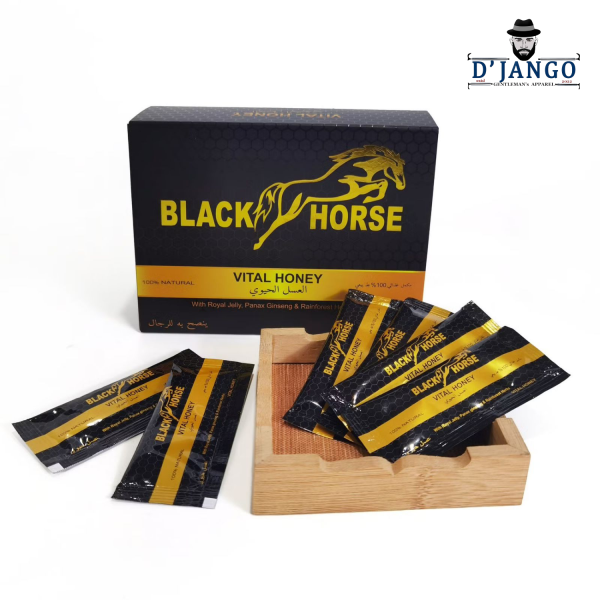 Black Horse Vital Honey Packs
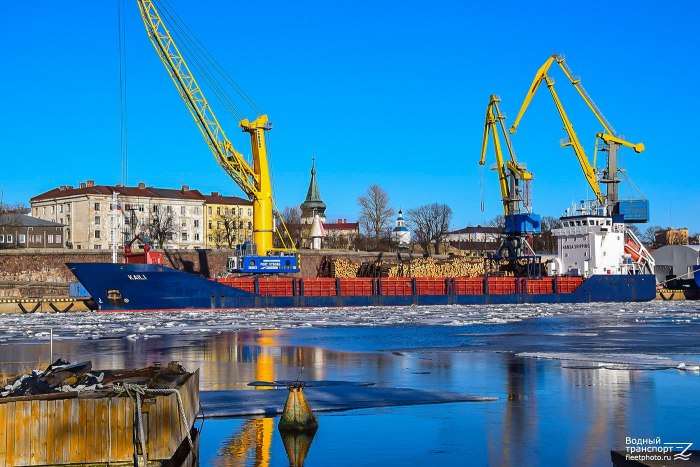 Морской торговый порт Выборг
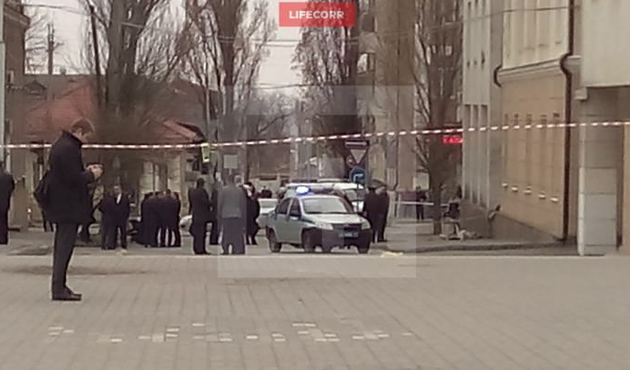 Rusya'da patlama! Bölge güvenlik çemberinde...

Problem to work on: In copying the material, drop all pictures and keep everything else identical.

Answer section:
 Black Horse Vital Honey Packs
 Морской торговый порт Выборг
 Rusya'da patlama! Bölge güvenlik çemberinde...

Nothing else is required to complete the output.